--- START ---

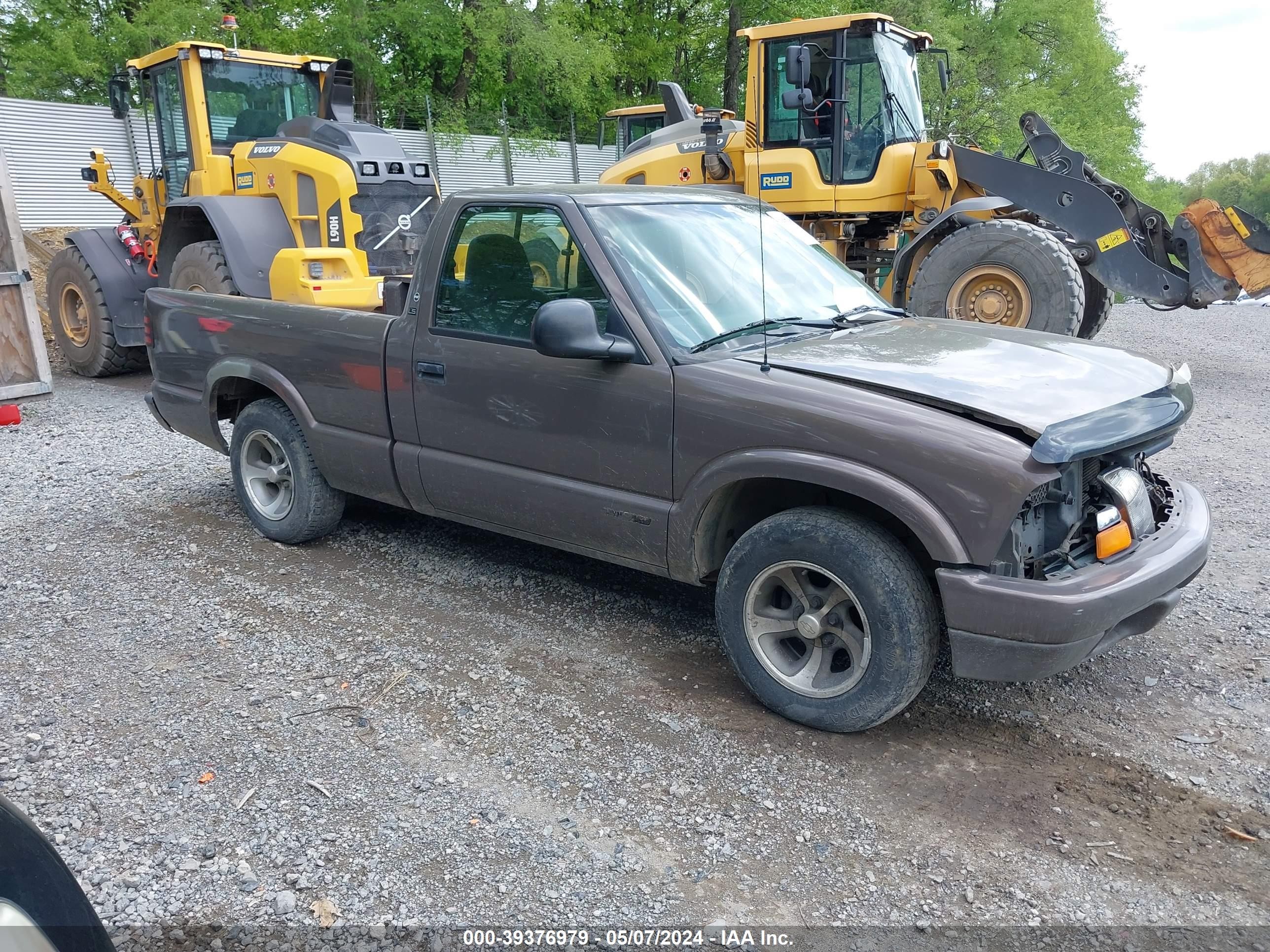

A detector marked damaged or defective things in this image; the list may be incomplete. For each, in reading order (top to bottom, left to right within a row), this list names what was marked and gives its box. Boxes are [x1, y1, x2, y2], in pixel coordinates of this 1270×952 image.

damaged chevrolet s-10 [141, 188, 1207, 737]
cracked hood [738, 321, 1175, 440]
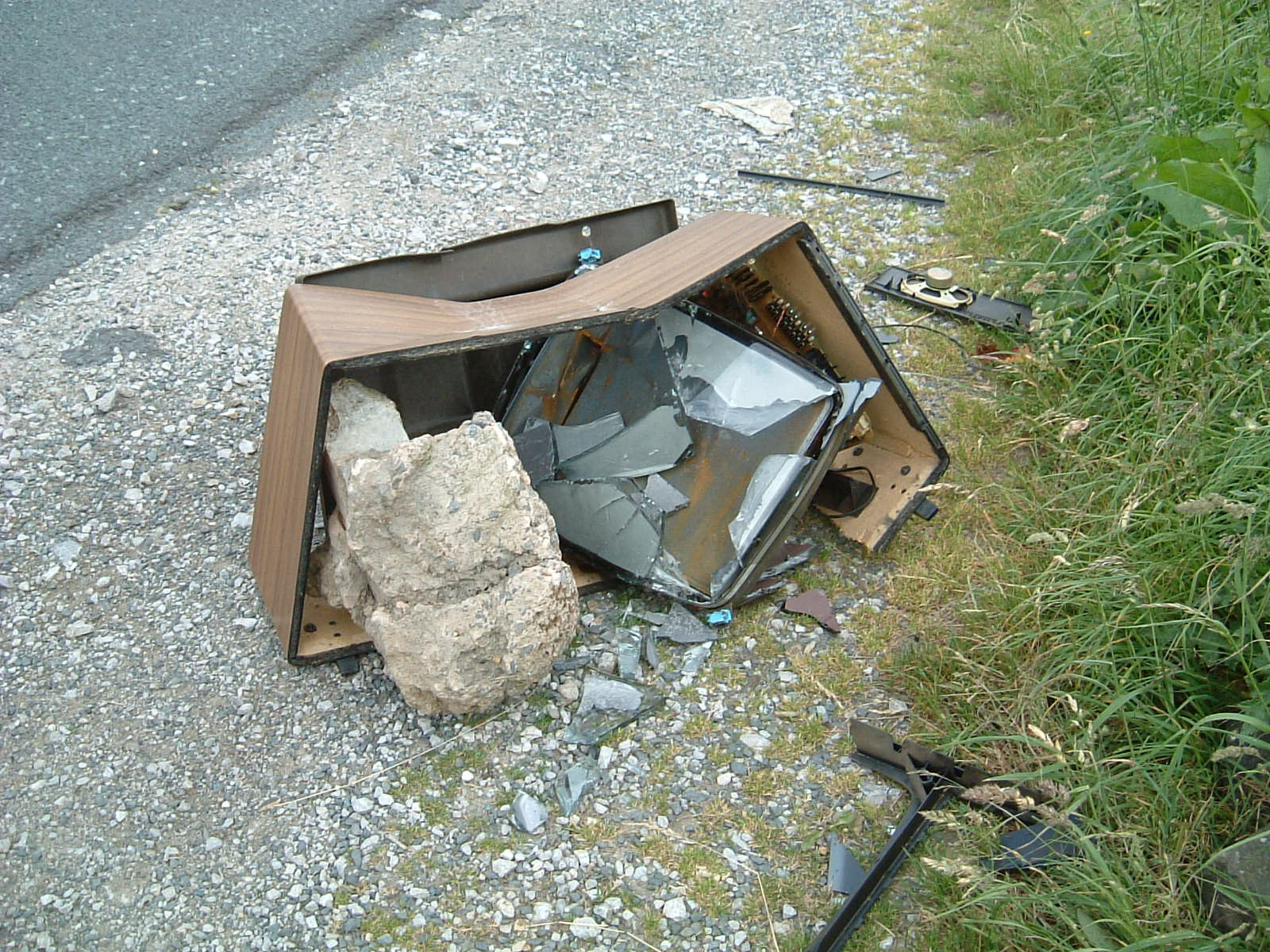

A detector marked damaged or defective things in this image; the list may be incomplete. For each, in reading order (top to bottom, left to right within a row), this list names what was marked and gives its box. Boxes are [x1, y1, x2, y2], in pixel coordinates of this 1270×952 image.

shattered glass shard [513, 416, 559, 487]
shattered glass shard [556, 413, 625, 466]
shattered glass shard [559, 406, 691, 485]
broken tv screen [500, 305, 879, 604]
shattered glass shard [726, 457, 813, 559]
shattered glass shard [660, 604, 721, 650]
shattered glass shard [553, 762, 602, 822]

--- END ---

> Task brief
Once the pictures are set aside, write out the entries verbatim.

> Problem solution
A detector marked damaged or defective things in this image; the list may be incomplete. For each, in reading order (top to bottom, left to right within a row), this list names what was marked and gives its box. Boxes are [x1, y1, x2, y2], in pixel coordinates of this 1270×952 image.

damaged chevrolet s-10 [141, 188, 1207, 737]
cracked hood [738, 321, 1175, 440]

A detector marked damaged or defective things in this image; the list may be incomplete. For each, in reading order (top to bottom, left to right within a row), this list names what was marked and gives its box. Boxes are [x1, y1, x2, y2], in pixel coordinates of this 1270×952 image.

shattered glass shard [513, 416, 559, 487]
shattered glass shard [556, 413, 625, 466]
shattered glass shard [559, 406, 691, 485]
broken tv screen [500, 305, 879, 604]
shattered glass shard [726, 457, 813, 559]
shattered glass shard [660, 604, 721, 650]
shattered glass shard [553, 762, 602, 822]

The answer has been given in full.